Modules linked in: sunrpc cpufreq_ondemand acpi_cpufreq mperf ipv6 microcode i2c_i801 sg iTCO_wdt iTCO_vendor_support snd_hda_codec_hdmi snd_hda_codec_realtek snd_hda_intel snd_hda_codec snd_hwdep snd_seq snd_seq_device snd_pcm snd_timer snd soundcore snd_page_alloc e1000e ext3 jbd mbcache firewire_ohci firewire_core crc_itu_t sr_mod cdrom sd_mod crc_t10dif ahci i915 drm_kms_helper drm i2c_algo_bit i2c_core video output dm_mirror dm_region_hash dm_log dm_mod [last unloaded: scsi_wait_scan] 
Pid: 28220, comm: ps Not tainted 2.6.32-207.el6.i686 #1 
Call Trace: 
 [<c0454b41>] ? warn_slowpath_common+0x81/0xc0 
 [<c0604244>] ? __list_add+0x54/0xb0 
 [<c0604244>] ? __list_add+0x54/0xb0 
 [<c0454c13>] ? warn_slowpath_fmt+0x33/0x40 
 [<c0604244>] ? __list_add+0x54/0xb0 
 [<c053eb0a>] ? __d_instantiate+0x2a/0xd0 
 [<c053ebd9>] ? d_instantiate+0x29/0x50 
 [<c057a84f>] ? proc_pident_instantiate+0x5f/0x90 
 [<c057a995>] ? proc_pident_lookup+0x75/0xb0 
 [<c057aa24>] ? proc_tgid_base_lookup+0x14/0x20 
 [<c05367a2>] ? do_lookup+0x122/0x180 
 [<c0536eb3>] ? __link_path_walk+0x5e3/0xd60 
 [<c051cd40>] ? kmem_cache_alloc_notrace+0xa0/0xb0 
 [<c05adb32>] ? selinux_file_alloc_security+0x42/0xc0 
 [<c0537841>] ? path_walk+0x51/0xc0 
 [<c05379c9>] ? do_path_lookup+0x59/0x90 
 [<c053871c>] ? do_filp_open+0xdc/0xb00 
 [<c052eb6e>] ? cp_new_stat64+0xee/0x100 
 [<c0527fb8>] ? do_sys_open+0x58/0x130 
 [<c04afb0c>] ? audit_syscall_entry+0x21c/0x240 
 [<c052810c>] ? sys_open+0x2c/0x40 
 [<c0409a9f>] ? sysenter_do_call+0x12/0x28 
---[ end trace 6a7cb877a54a826f ]--- 

so "ps" encountered list corruption somewhere in the proc filesystem guts ...

Comment 6 Eric Sandeen 2011-10-17 19:07:17 UTC

list_add corruption. next->prev should be prev (df98a59c), but was df9885fc.
(next=df9885fc). 

should be df98a59c (11011111100110001010010110011100)
  but was df9885fc (11011111100110001000010111111100)

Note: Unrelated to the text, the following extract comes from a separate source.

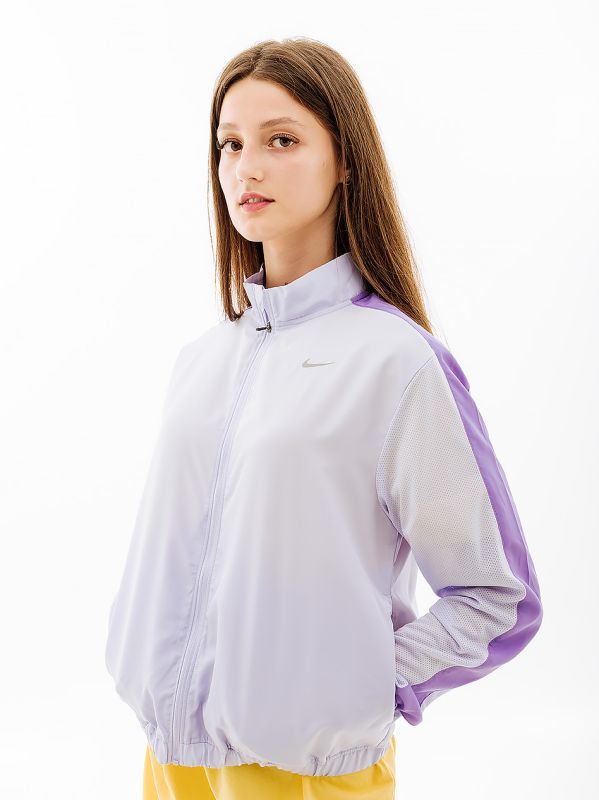 Вітровка Nike W NK SWSH RUN JKT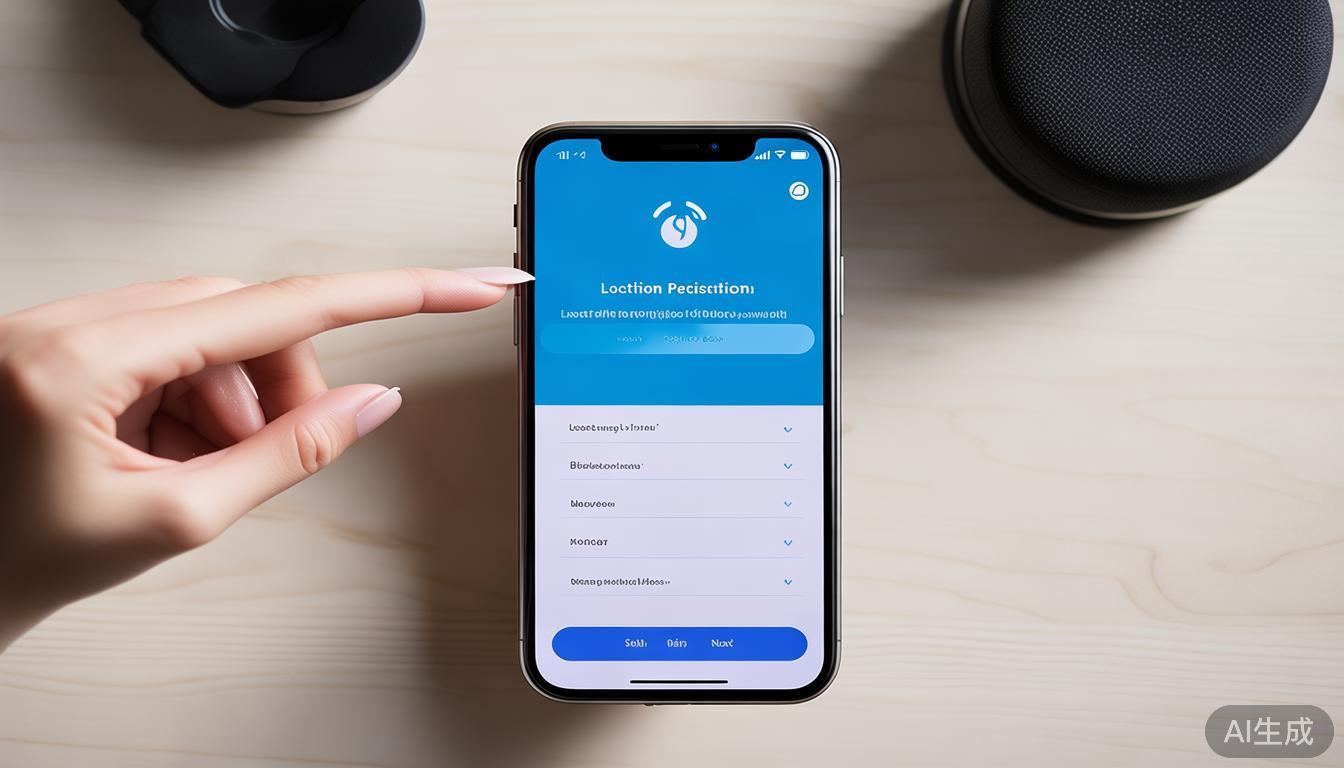 下载易欧APP，享受智能生活，从此生活更美好！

More than just a bit flip, I guess, but based on the other bug, please do test memory on this box.

Thanks,
-Eric

Comment 7 Mike Gahagan 2011-10-17 20:03:24 UTC

I Installed memtest86+ on this box, but when I tried to boot to run it, I never got any output in the remote console, so I don't know if memtest86 failed to run or our remote console isn't passing anything back to the client for some reason or another.

I did notice the system was complaining a lot about single bit errors and it panic'ed on shutdown so bad memory or some other hardware issue is highly likely here.

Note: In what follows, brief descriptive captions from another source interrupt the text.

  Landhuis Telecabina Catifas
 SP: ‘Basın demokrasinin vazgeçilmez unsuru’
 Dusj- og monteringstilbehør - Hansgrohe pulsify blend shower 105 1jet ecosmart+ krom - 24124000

Comment 9 Mike Gahagan 2011-11-02 17:07:59 UTC

The system this happened on was having hardware issues and is now being repaired, I think we can safely close this bug as I never saw this on anything else and saw no ext3 related issues with Snapshot 4.